WALLACE & GROMIT: CURSE OF THE WERE-RABBIT
WALLACE & GROMIT: CURSE OF THE WERE-RABBIT
(animated drama)
Time: 85 mins
Rating: * * *
AFTER Tim Burton’s Corpse Bride, we have another entertaining stop-animation flick about an absent-minded inventor and his faithful dog. The Wallace & Gromit series is not new. Created by British animator, Nick Park, the Plasticine (modelling clay) characters first thrilled children with a tale called A Grand Day Out in 1989. In 2000, Park and co-director Peter Lord took time off from the series to give us Chicken Run. So far, there has been six more instalments of Wallace & Gromit, including this Curse Of The Were-Rabbit.
Set in a small town in England, this episode sees Wallace and Gromit running a new business — a pest-control company called Anti-Pesto which protects the folks’ vegetables from pesky rabbits.
And since it is the season for the annual Giant Vegetable Competition, Wallace (voice of Peter Sallis) and his pet dog are terribly busy catching the furry critters.
Wallace’s Anti-Pesto is not an outfit that kills bunnies. He adopts a more humane way of capturing the pests with a contraption called the Bunny Vac 6000 and keeping them in his basement menagerie. Lady Tottington (Helena Bonham Carter), the hostess for the competition, is the chief advocate of Wallace’s humane removal of the animals, but the sniveling Lord Victor Quartermaine (Ralph Fiennes) prefers to shoot them all.
Lord Victor dreams of marrying Lady Totty and get his grubby hands on her ancestral wealth. He sees Wallace as a rival. And the toupee-wearing Victor is not someone you would want to mess with... Meanwhile, Wallace decides to invent a device called Mind-O-Matic that would wean the rabbits’ craving for fresh produce. However, a lab accident interrupts the invention — and the residents find themselves having to deal with a King Kong-like Were-Rabbit that threatens to wipe out their prize veggies.

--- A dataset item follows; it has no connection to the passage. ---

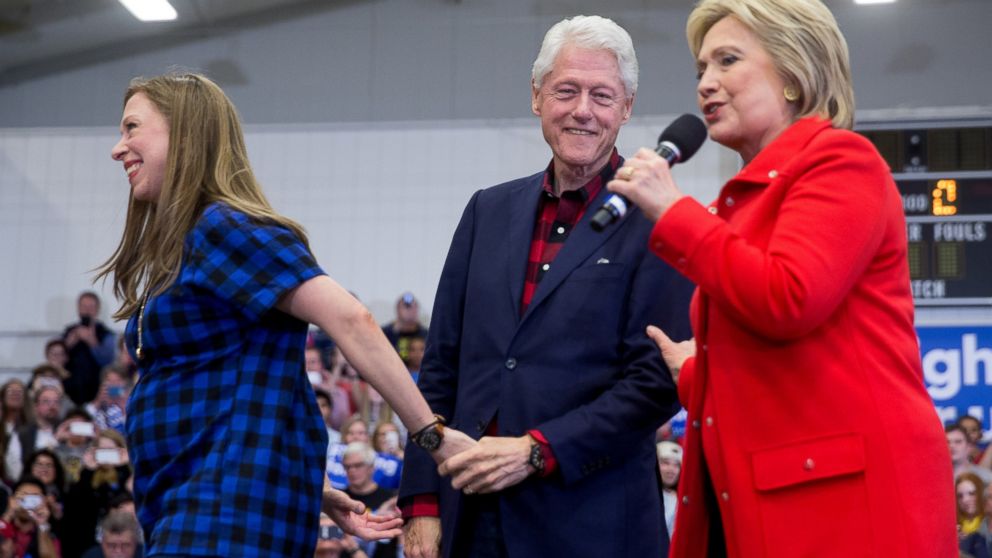 Former President Bill Clinton, center, and daughter Chelsea Clinton step off the stage as Democratic presidential candidate Hillary Clinton arrives to speak at a rally at Washington High School in Cedar Rapids, Iowa, Saturday, Jan. 30, 2016.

As usual, Gromit has to play Sherlock Holmes and save the day.
The Curse Of The Were-Rabbit, helmed by Park and Steve Box, also employs a bit of computer graphics, especially in a sequence where the vacuumed bunnies are in free-fall. For me, the most amazing part of the movie are the facial expressions of Gromit. The dog has no mouth yet it speaks volumes just through its spherical eyes. Needless to say, Gromit is the smartest and most lovable character in the entire movie.
The scripters have also thrown in a few hints of British bawdiness but this is done in good fun. Those who like Brit humour will find lots of puns and typical ‘stiff upper-lip’ gags here. While Corpse Bride fascinated us with its macabre humour, this one has characters we can root for.
# The main feature is only 85 minutes but there is a bonus clip — a short cartoon about the militant Penquins of Madagascar going on a mission to bring cheer to a friend on Christmas eve.